Repeat only the lines from the one containing "Potted mint on white background 136211093" to the final line below, exactly as they read, and leave every picture out.

**Data provided**
★ ★ ★ ★

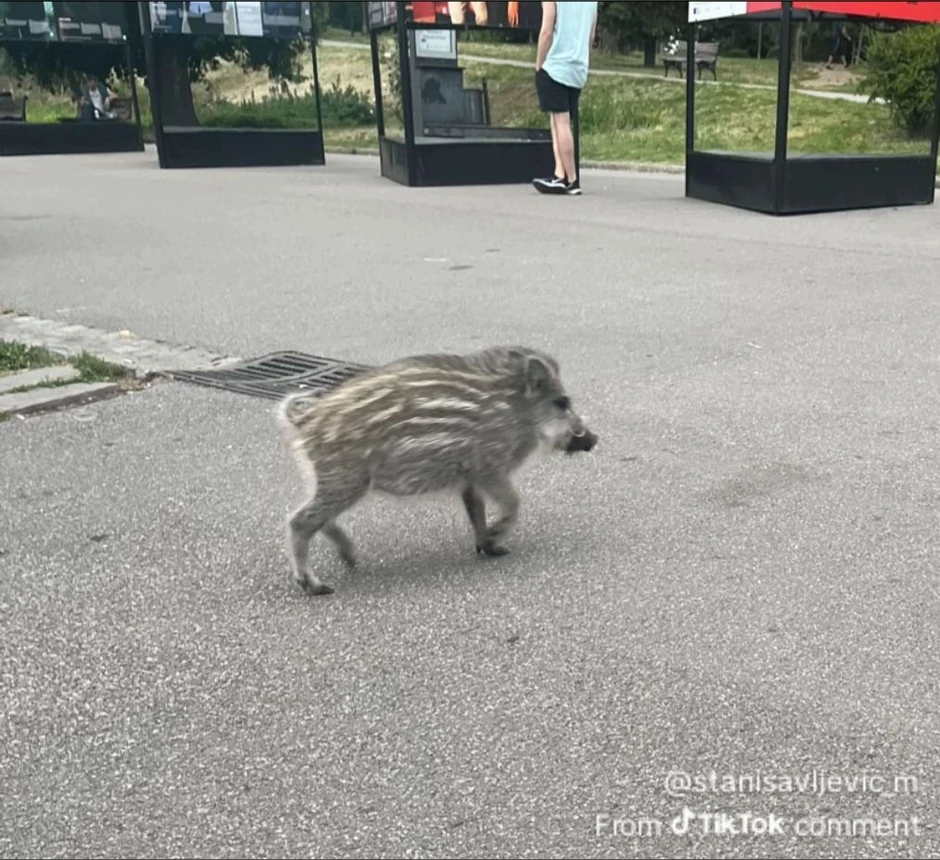 Divlja svinja na Kalemegdanu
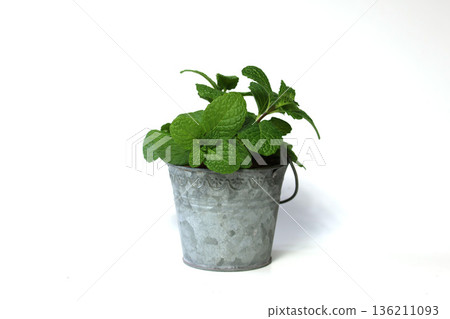 Potted mint on white background 136211093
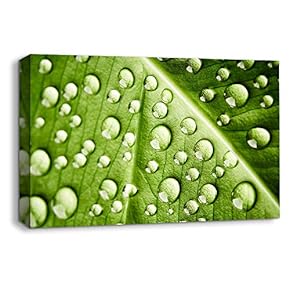Leaf Veins Pictures Home Wall for Bedroom Living...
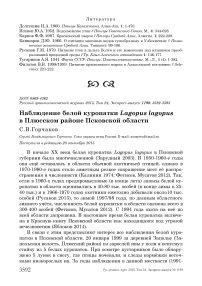 Наблюдение белой куропатки Lagopus lagopus в Плюсском районе Псковской области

★ ★ ★ ★

**Response**
 Potted mint on white background 136211093
Leaf Veins Pictures Home Wall for Bedroom Living...
 Наблюдение белой куропатки Lagopus lagopus в Плюсском районе Псковской области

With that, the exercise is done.